Assistir ao Oscar

Quando tinha uns seis anos, também fui acometido pela interessante febre que contagia certas crianças: passei a colecionar um monte de coisas. No princípio, álbuns com as figurinhas que vinham com o chocolate Surpresa, que tenho até hoje (de um deles nutri uma longa paixão pela paleontologia). Mas eram muito fáceis de completar, pois só tinham trinta figuras. Depois passei aos álbuns do chiclete Ping Pong, com cem. Além disso, colecionei tazos, geloucos, minicraques e um monte de coisas que não vinham com doces, salgadinhos ou refrigerantes.

Mas chega uma idade, lá pelo começo da adolescência, que a gente fica meio com vergonha de catar embalagens ou copos plásticos usados para trocar por brinquedinhos coloridos, mesmo estando doido pra fazer isso.

Hoje em dia, não posso dizer que coleciono nada.
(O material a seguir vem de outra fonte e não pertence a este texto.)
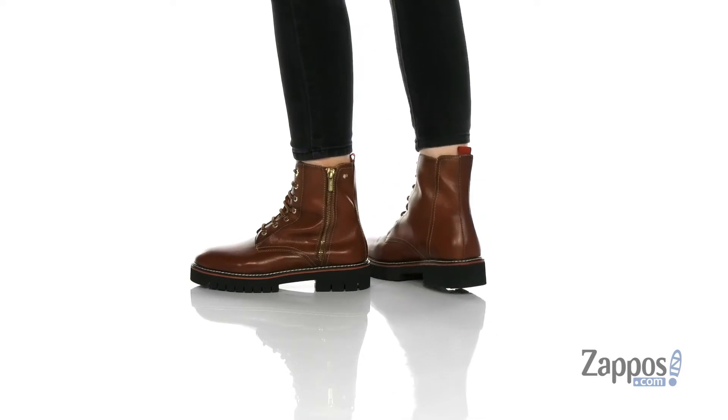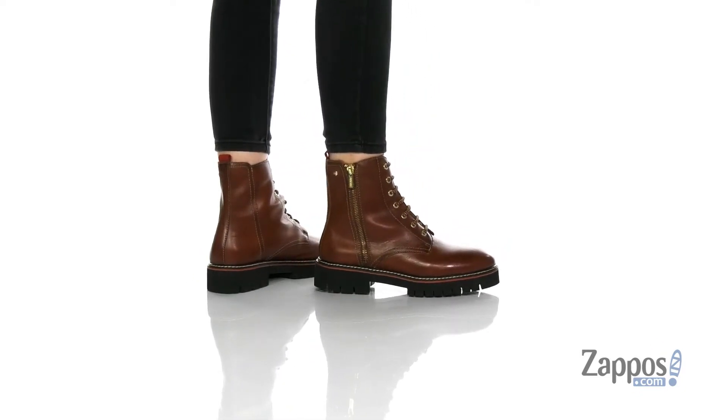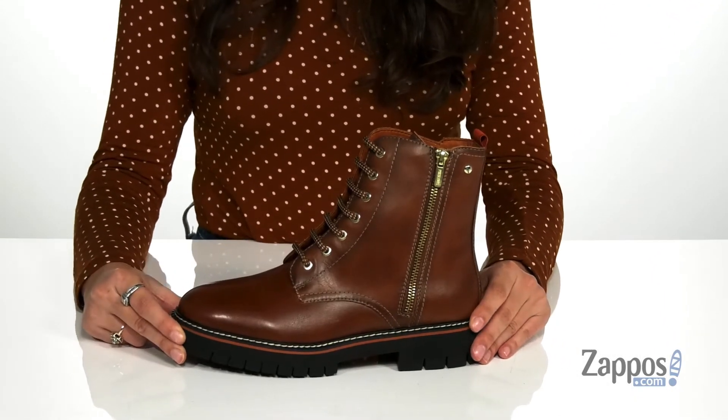These versatile boots would make the perfect staple to anyone's closet. They're crafted with a smooth leather upper and they're available in a variety of colorways. They feature a lightweight design so you can stomp around with ease.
Compro e acumulo livros, mas o colecionador de verdade escolhe primeiras edições autografadas, esse tipo de coisa, e jamais aceitaria a ideia de ler um livro emprestado. Eu sempre fui mais atraído pela ideia de completar o álbum, e qualquer um sabe que a biblioteca completa é um devaneio borgiano. Em vez disso, substituí por listas minha antiga mania. 100 filmes essenciais, 100 romances de 1923 pra cá , 1001 coisas para fazer antes de morrer. Completar uma delas é bem mais difícil e emocionante que colar figurinhas de chiclete.

Uma lista que de tempo em tempo dou uma conferida é essa do Oscar. Eu sei que na prática a do Globo de Ouro e a de Cannes são até mais sérias e justas, e também dou uma olhada nelas de vez em quando. Mas ainda assim, o Oscar é praticamente um sinônimo de premiação para uma arte. Eisner: “o Oscar das HQs”; Tony: “o Oscar do teatro”; Jabuti: “o Oscar da literatura brasileira”. Entre os prêmios, talvez só não seja mais importante que o Nobel (Al Gore poderia dizer).

Li ontem que premiar obras imerecidas é um costume milenar, e devo reconhecer que o Oscar respeita esta tradição. Já assisti a vários “melhores” filmes, principalmente da década de 70 pra cá. Se ele fosse mais justo, possivelmente eu deixaria de ver Kramer vs. Kramer, que é pior que Apocalipse Now, ou Operação França, inferior a Laranja Mecânica e A Última Sessão de Cinema, e que gostei bastante. Os perdedores viraram clássicos independentemente do prêmio, e são muito mais vistos. Agradeço à falta de visão dos votantes (quem gosta de justiça, deverá conferir os vencedores em língua estrangeira. Estão lá, praticamente escondidos, filmes como Trens Estritamente Vigiados, Mephisto, Z, Kolya, mais um monte de De Sicas, Fellinis, Bergmans, Kurosawas).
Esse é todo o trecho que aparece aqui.